Testrit diesel en benzine: soorten

Testrit diesel en benzine: soorten

De spannende confrontatie tussen diesel- en benzinemotoren bereikt zijn hoogtepunt. De nieuwste turbotechnologie, elektronisch gestuurde common-rail directe injectiesystemen, hoge compressieverhoudingen - de rivaliteit brengt de twee typen motoren dichterbij... En plotseling, midden in een eeuwenoud duel, verscheen er plotseling een nieuwe speler op het toneel. een plekje onder de zon.

Na vele jaren van verwaarlozing hebben de ontwerpers het enorme potentieel van de dieselmotor herontdekt en de ontwikkeling ervan versneld door de intensieve introductie van nieuwe technologieën. Het bereikte het punt waarop zijn dynamische prestaties de kenmerken van een benzineconcurrent benaderden en de creatie van tot nu toe ondenkbare auto's mogelijk maakte, zoals de Volkswagen Race Touareg en Audi R10 TDI met meer dan serieuze race-ambities.
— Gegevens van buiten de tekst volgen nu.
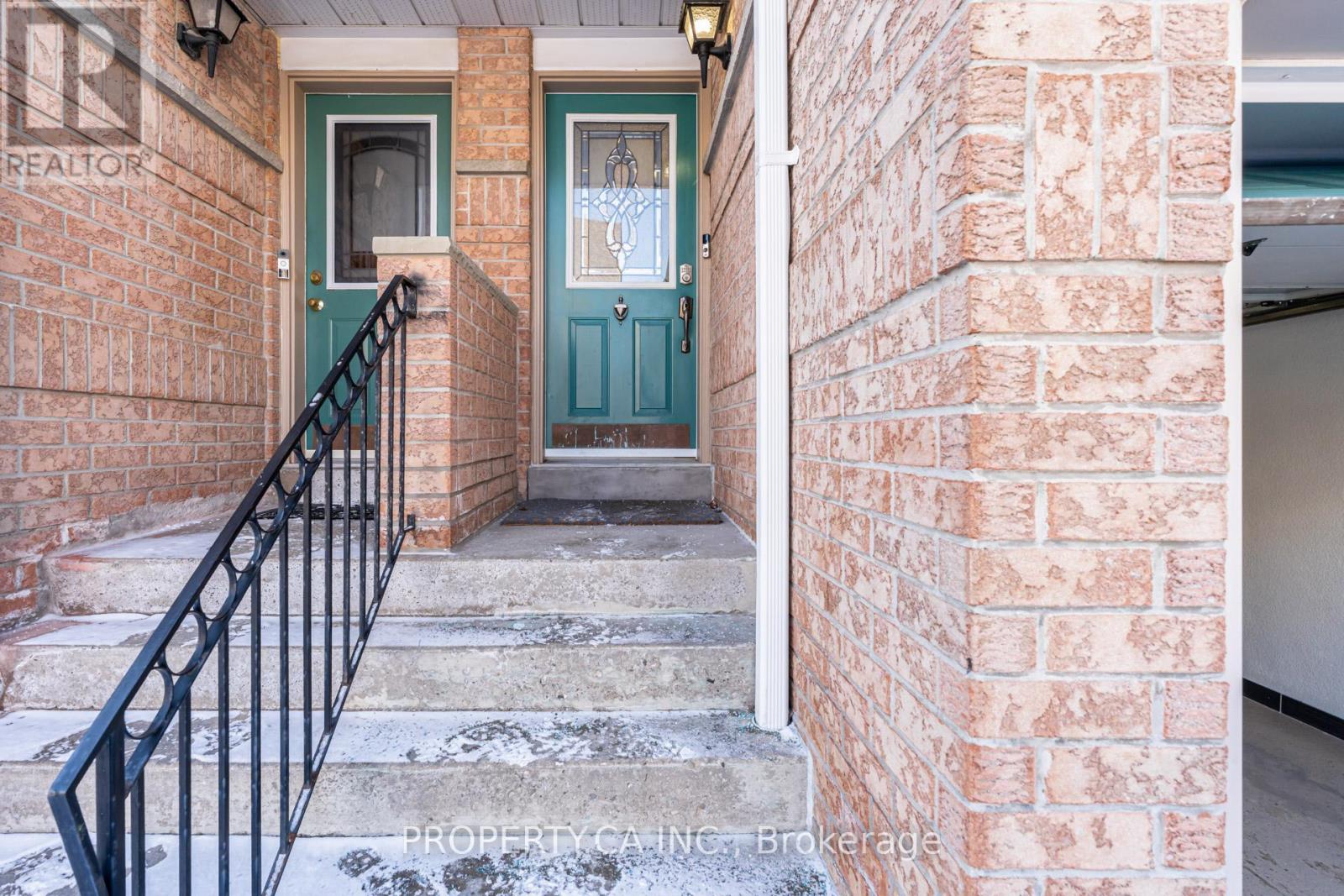 45 - 1050 Bristol Road W, Mississauga, Ontario  L5V 2E8 - Photo 2 - W12716366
De chronologie van de gebeurtenissen van de afgelopen vijftien jaar is bekend ... De dieselmotoren van de 1936s verschilden niet fundamenteel van hun voorouders, gemaakt door Mercedes-Benz in 13. Er volgde een proces van langzame evolutie, dat de afgelopen jaren is uitgegroeid tot een krachtige technologische explosie. Aan het einde van de 1e eeuw maakte Mercedes de eerste turbodiesel voor auto's na, aan het einde van de XNUMXe eeuw debuteerde directe injectie in het Audi-model, later kregen diesels vierkleppen en aan het einde van de twintigste eeuw werden elektronisch gestuurde Common Rail-injectiesystemen een realiteit. ... Ondertussen is directe brandstofinjectie onder hoge druk geïntroduceerd in benzinemotoren, waar de compressieverhouding tegenwoordig in sommige gevallen XNUMX: XNUMX bereikt. Onlangs beleeft ook de turbotechnologie een renaissance, waarbij de koppelwaarden van benzinemotoren aanzienlijk de koppelwaarden van de beroemde flexibele turbodiesel beginnen te benaderen. Parallel aan de modernisering blijft er echter een gestage tendens naar een serieuze stijging van de kosten van de benzinemotor bestaan ​​... Dus ondanks de uitgesproken vooroordelen en polarisatie van meningen over benzine- en dieselmotoren in verschillende delen van de wereld, is geen van beide de twee rivalen krijgt tastbare dominantie.

Ondanks het samenvallen van de kwaliteiten van de twee typen units, zijn er toch grote verschillen in de aard, het karakter en het gedrag van de twee warmtemotoren.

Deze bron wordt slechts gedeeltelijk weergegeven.